GIVEN RECORDS:
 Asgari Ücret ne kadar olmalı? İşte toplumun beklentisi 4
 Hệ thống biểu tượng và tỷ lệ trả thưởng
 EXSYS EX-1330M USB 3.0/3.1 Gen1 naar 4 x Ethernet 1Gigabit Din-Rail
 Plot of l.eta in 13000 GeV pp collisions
---
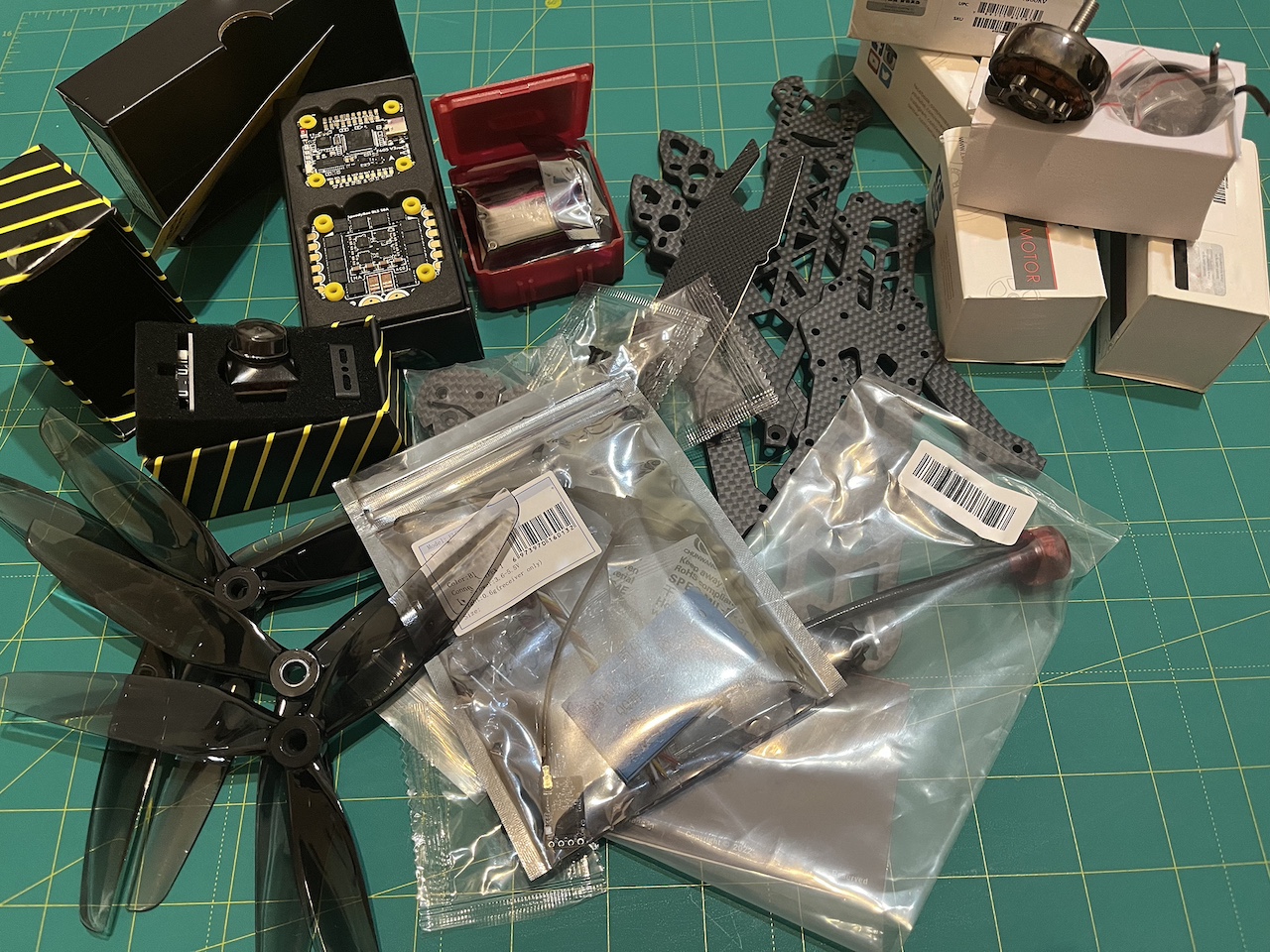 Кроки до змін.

ASSIGNED TASK: Give back exactly the lines above starting at the line where "Asgari Ücret ne" appears and ending at the line where "Plot of l.eta in 13000 GeV pp collisions" appears, both included, with no other lines.

EXERCISE SOLUTION:
 Asgari Ücret ne kadar olmalı? İşte toplumun beklentisi 4
 Hệ thống biểu tượng và tỷ lệ trả thưởng
 EXSYS EX-1330M USB 3.0/3.1 Gen1 naar 4 x Ethernet 1Gigabit Din-Rail
 Plot of l.eta in 13000 GeV pp collisions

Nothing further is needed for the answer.